Du côté du pouvoir, on se félicite d’organiser la première élection présidentielle parmi les pays africains (Mali, Guinée, Burkina Faso, Niger) qui ont connu des changements de régime non démocratiques au cours des dernières années. Mais « vu les tensions qui entourent le scrutin, cela risque de n’être différent que sur la forme. Sur le fond, il s’agit toujours de se maintenir au pouvoir », commente un observateur en soulignant que les institutions électorales sont contrôlées par les caciques du régime.
Depuis la mort du maréchal Déby, il y a trois ans, tout a été mis en œuvre pour verrouiller le pouvoir de son fils, parfois dans la violence. Dès l’automne 2022, un « dialogue national inclusif et souverain » (DNIS) a prolongé de dix-huit mois la période transitoire, et autorisé le chef de la junte à briguer la magistrature suprême, provoquant une levée de boucliers dans la société civile et l’opposition. Le 20 octobre 2022, entre 73 et 300 manifestants sortis réclamer la remise du pouvoir aux civils ont été tués par les forces de l’ordre.

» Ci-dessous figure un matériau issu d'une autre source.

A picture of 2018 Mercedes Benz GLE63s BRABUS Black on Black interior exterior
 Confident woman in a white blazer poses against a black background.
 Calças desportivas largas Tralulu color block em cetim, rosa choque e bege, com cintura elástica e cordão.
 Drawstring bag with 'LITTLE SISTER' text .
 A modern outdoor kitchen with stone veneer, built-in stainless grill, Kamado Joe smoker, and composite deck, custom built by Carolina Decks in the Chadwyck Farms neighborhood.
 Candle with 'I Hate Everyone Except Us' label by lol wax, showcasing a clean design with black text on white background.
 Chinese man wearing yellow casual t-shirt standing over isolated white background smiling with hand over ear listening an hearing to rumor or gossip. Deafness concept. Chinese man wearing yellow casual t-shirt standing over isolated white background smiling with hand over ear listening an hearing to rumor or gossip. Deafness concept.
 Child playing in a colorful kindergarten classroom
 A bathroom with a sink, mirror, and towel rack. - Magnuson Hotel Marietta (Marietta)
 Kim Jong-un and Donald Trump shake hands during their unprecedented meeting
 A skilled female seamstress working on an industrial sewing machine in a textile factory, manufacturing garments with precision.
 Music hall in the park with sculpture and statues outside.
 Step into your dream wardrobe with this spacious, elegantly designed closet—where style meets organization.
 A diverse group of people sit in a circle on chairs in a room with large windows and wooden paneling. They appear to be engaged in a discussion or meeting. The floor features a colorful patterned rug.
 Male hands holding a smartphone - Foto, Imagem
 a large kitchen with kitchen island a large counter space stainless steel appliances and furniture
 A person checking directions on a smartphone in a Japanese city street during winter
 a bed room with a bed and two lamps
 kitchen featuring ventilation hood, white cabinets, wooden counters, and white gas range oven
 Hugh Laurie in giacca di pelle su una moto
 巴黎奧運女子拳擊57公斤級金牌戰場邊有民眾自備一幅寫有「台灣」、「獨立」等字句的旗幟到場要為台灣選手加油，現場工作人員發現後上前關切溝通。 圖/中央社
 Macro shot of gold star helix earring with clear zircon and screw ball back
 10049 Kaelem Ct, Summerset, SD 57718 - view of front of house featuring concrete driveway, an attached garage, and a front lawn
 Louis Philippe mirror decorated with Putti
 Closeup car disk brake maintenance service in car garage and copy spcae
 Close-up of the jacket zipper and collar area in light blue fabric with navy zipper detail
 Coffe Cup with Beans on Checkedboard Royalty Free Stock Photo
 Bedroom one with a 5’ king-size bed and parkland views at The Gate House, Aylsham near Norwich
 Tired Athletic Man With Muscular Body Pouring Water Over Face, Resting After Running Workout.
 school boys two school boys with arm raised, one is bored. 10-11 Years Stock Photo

Le 28 février 2024, l’opposant Yaya Dillo, également cousin du président de transition, est mort lors de l’assaut donné par l’armée contre le siège de son parti, en plein centre-ville de N’Djamena. Comme si de rien n’était, Mahamat Idriss Déby annonçait quelques jours plus tard en grande pompe sa candidature à l’élection présidentielle et l’envoyé spécial du président français, Jean-Marie Bockel, confiait à la presse présidentielle son « admiration » pour sa conduite de la transition. Un épisode qui n’est pas sans rappeler le discours prononcé par Emmanuel Macron aux obsèques d’Idriss Déby Itno ; il était alors le seul chef d’Etat occidental à avoir fait le déplacement : « La France ne laissera jamais remettre en cause la stabilité et l’intégrité du Tchad », avait-il déclaré. La phrase avait sonné comme l’adoubement d’une succession dynastique.